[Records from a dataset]

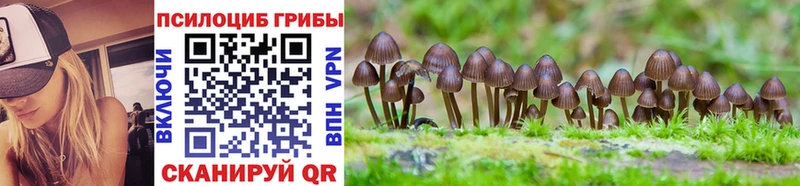 дарк нет телеграм  Холм  Галлюциногенные грибы GOLDEN TEACHER 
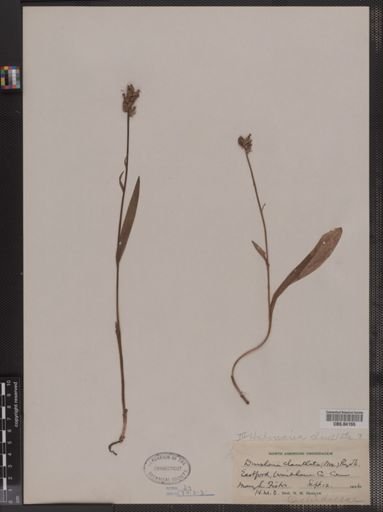 Habenaria clavellata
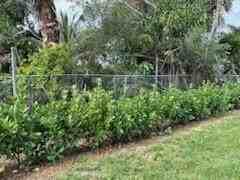 4404 Se Mulford Ln - Photo 3 of 23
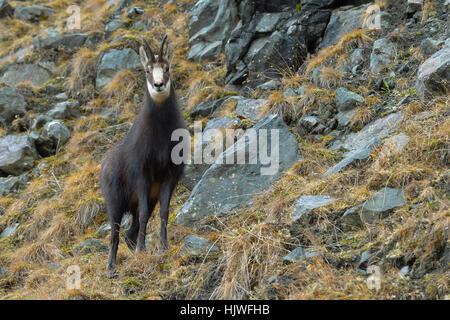 Chamois (Rupicapra rupicapra) dans le manteau d'hiver, terrain rocheux, Tyrol, Autriche Banque D'Images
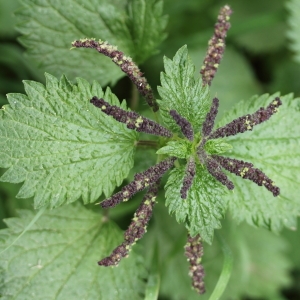 Photographie n°65390 du taxon Urtica membranacea Poir.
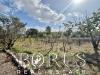 Villa in vendita con giardino a Pontelandolfo - 10, Foto 10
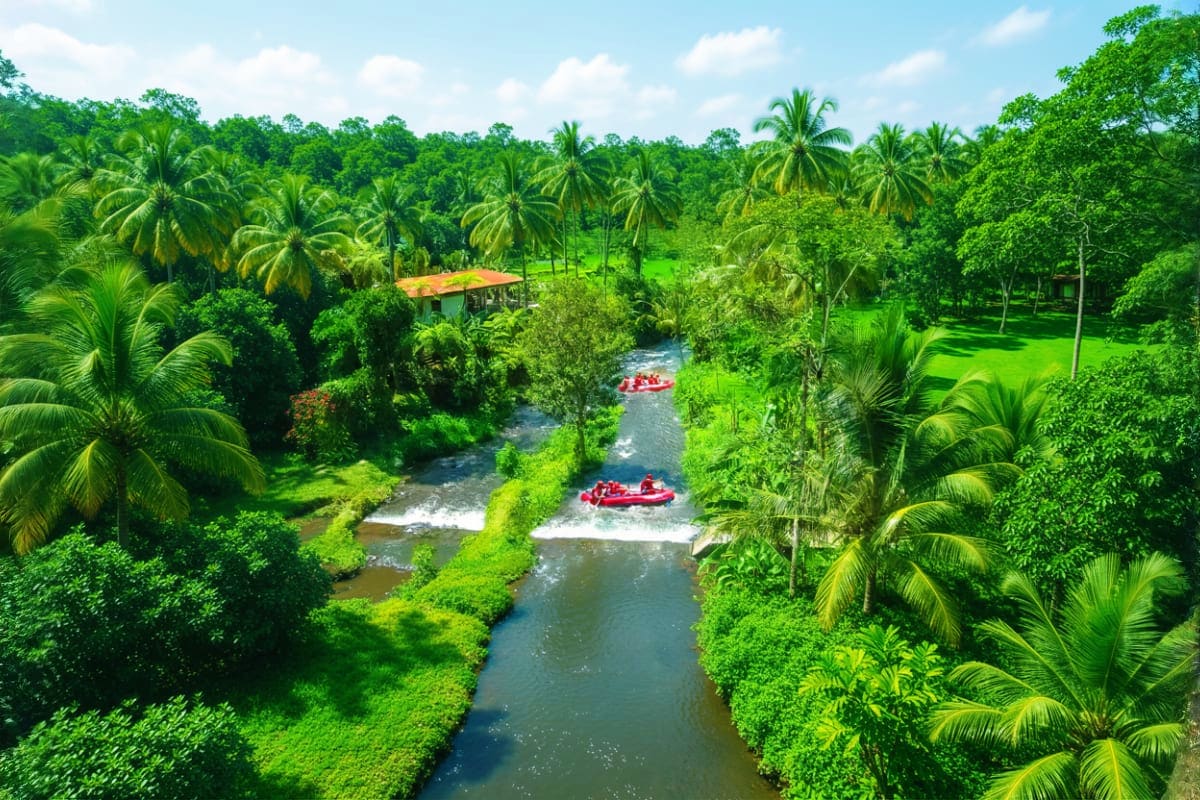 Aerial view of Ayung River with red rafting boats navigating white water between lush green jungle and palm trees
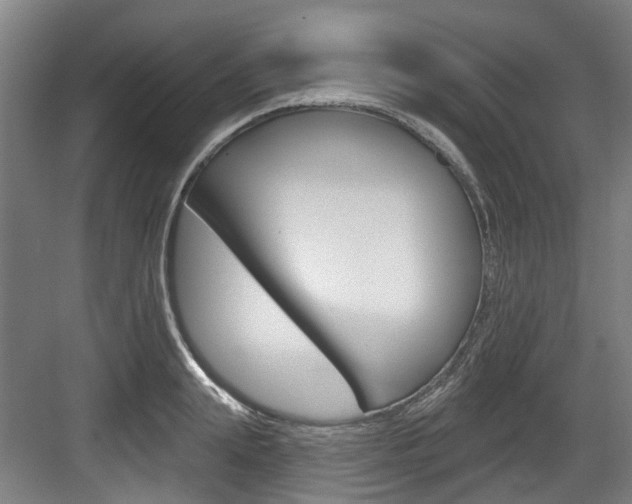 X0000083650847200702120834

TASK DESCRIPTION: All of the records above must be copied exactly, except for the pictures.

RESPONSE AREA:
 дарк нет телеграм  Холм  Галлюциногенные грибы GOLDEN TEACHER 
 Habenaria clavellata
 4404 Se Mulford Ln - Photo 3 of 23
 Chamois (Rupicapra rupicapra) dans le manteau d'hiver, terrain rocheux, Tyrol, Autriche Banque D'Images
 Photographie n°65390 du taxon Urtica membranacea Poir.
 Villa in vendita con giardino a Pontelandolfo - 10, Foto 10
 Aerial view of Ayung River with red rafting boats navigating white water between lush green jungle and palm trees
 X0000083650847200702120834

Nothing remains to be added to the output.